╭─ STUDY MATERIAL

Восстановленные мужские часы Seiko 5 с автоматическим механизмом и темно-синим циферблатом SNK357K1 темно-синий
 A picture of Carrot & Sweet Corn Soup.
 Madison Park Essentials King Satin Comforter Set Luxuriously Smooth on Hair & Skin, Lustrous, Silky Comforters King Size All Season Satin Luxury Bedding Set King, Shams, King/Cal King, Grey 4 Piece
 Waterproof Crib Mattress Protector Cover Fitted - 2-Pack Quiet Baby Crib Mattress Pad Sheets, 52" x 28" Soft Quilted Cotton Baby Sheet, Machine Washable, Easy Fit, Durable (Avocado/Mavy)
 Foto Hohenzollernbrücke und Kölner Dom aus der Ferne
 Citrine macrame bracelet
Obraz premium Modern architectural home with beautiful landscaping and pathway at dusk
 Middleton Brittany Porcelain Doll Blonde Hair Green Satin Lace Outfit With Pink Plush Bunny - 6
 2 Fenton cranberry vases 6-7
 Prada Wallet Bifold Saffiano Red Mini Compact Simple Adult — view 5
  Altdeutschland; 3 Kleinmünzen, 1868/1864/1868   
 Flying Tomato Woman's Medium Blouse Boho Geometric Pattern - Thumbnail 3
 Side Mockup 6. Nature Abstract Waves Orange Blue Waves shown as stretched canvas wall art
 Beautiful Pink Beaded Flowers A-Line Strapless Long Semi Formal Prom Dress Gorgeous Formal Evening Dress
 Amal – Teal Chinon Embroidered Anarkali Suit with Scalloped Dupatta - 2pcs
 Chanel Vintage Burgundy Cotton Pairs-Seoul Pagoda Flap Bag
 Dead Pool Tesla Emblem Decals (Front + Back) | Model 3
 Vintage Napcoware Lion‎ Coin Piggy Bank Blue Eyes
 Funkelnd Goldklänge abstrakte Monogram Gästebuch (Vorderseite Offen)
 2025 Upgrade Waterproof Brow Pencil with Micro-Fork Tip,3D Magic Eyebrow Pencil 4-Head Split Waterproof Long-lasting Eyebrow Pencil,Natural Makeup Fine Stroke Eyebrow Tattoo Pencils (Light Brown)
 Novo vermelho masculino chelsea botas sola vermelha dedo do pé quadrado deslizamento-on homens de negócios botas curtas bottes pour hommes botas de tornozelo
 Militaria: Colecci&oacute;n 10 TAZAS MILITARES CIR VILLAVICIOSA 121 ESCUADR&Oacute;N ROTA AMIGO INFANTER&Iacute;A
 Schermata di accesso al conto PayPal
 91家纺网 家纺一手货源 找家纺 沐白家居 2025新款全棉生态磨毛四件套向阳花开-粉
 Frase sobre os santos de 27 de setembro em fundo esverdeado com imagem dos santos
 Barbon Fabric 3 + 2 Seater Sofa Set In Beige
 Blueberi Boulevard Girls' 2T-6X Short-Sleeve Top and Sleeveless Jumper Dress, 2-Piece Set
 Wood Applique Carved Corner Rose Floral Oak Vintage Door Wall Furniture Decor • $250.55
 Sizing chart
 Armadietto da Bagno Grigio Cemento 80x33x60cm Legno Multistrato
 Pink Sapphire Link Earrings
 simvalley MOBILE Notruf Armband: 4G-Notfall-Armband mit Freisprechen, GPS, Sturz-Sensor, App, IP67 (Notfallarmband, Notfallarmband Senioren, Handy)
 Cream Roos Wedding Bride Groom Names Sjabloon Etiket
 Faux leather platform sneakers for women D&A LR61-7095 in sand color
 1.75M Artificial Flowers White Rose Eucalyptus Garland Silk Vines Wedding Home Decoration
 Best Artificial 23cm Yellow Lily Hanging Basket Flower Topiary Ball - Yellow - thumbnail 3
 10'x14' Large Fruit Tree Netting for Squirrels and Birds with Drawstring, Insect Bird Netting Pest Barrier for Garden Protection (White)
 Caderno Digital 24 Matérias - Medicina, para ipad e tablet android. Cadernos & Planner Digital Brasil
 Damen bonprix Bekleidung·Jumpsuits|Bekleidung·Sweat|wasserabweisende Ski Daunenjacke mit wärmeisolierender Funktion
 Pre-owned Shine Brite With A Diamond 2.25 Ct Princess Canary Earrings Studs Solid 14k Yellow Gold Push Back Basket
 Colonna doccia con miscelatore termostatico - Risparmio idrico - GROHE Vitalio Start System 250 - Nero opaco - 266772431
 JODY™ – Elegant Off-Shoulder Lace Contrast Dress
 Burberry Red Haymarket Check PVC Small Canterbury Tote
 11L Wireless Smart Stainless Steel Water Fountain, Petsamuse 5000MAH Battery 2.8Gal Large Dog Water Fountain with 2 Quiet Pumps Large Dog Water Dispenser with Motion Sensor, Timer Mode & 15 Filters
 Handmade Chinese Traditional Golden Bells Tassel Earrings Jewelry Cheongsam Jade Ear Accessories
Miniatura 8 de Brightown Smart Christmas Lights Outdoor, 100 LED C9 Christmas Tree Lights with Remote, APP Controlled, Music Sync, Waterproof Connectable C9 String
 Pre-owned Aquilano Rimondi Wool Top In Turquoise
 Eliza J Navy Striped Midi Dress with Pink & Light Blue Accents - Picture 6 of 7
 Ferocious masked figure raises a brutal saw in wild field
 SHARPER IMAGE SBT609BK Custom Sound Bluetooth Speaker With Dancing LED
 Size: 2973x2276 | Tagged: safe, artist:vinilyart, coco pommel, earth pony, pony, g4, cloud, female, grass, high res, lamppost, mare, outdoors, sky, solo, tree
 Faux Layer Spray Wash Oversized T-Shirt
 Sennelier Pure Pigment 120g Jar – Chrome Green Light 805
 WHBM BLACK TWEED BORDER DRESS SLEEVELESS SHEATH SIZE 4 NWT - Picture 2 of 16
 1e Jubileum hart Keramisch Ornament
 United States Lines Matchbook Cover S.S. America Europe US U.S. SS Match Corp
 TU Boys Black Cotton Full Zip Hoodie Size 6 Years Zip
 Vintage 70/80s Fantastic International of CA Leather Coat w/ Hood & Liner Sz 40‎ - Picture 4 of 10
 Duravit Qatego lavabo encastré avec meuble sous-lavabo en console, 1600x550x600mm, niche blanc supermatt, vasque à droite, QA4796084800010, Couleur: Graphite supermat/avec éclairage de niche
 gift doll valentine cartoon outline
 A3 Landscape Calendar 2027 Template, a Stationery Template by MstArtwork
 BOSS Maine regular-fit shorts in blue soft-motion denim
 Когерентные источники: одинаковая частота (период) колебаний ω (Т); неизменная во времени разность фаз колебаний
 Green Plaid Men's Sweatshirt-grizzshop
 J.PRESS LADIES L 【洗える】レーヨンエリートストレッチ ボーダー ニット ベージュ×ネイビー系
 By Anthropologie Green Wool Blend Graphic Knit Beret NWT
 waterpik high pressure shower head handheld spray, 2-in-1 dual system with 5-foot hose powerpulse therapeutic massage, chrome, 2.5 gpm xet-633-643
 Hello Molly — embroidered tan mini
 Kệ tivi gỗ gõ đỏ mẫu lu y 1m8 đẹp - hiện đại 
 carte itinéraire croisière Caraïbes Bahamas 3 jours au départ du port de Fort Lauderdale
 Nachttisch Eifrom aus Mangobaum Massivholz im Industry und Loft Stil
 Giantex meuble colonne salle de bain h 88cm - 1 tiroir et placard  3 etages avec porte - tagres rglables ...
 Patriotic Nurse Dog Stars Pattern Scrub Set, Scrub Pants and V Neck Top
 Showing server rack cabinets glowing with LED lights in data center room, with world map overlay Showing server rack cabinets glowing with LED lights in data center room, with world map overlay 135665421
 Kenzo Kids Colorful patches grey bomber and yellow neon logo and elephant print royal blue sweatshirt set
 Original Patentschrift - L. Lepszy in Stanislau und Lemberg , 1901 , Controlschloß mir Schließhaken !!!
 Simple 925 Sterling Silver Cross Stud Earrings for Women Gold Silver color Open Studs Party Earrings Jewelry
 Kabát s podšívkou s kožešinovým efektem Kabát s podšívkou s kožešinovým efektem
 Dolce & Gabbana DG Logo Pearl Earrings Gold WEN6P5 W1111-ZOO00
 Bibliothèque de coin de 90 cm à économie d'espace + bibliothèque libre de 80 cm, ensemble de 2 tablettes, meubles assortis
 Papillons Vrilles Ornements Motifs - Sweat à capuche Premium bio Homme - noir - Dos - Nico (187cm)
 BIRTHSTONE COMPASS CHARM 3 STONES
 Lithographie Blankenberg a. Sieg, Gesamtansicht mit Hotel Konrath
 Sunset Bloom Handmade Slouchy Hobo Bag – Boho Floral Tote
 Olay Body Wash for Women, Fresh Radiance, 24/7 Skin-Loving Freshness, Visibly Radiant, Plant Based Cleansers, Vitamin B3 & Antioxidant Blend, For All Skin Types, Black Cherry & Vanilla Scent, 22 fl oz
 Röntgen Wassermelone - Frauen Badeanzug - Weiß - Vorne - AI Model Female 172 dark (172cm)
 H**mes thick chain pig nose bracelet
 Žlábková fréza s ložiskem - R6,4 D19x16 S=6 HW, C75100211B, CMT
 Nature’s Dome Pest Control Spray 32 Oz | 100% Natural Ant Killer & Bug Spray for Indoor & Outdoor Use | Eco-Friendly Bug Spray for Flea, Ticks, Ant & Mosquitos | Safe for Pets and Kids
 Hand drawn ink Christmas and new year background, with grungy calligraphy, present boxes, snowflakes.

╰─

TASK TO CARRY OUT: From the entries above, extract only the lines running from the one containing "Armadietto da Bagno" through the one containing "Pre-owned Shine Brite", inclusive.

SOLUTION TO THE PROBLEM:
 Armadietto da Bagno Grigio Cemento 80x33x60cm Legno Multistrato
 Pink Sapphire Link Earrings
 simvalley MOBILE Notruf Armband: 4G-Notfall-Armband mit Freisprechen, GPS, Sturz-Sensor, App, IP67 (Notfallarmband, Notfallarmband Senioren, Handy)
 Cream Roos Wedding Bride Groom Names Sjabloon Etiket
 Faux leather platform sneakers for women D&A LR61-7095 in sand color
 1.75M Artificial Flowers White Rose Eucalyptus Garland Silk Vines Wedding Home Decoration
 Best Artificial 23cm Yellow Lily Hanging Basket Flower Topiary Ball - Yellow - thumbnail 3
 10'x14' Large Fruit Tree Netting for Squirrels and Birds with Drawstring, Insect Bird Netting Pest Barrier for Garden Protection (White)
 Caderno Digital 24 Matérias - Medicina, para ipad e tablet android. Cadernos & Planner Digital Brasil
 Damen bonprix Bekleidung·Jumpsuits|Bekleidung·Sweat|wasserabweisende Ski Daunenjacke mit wärmeisolierender Funktion
 Pre-owned Shine Brite With A Diamond 2.25 Ct Princess Canary Earrings Studs Solid 14k Yellow Gold Push Back Basket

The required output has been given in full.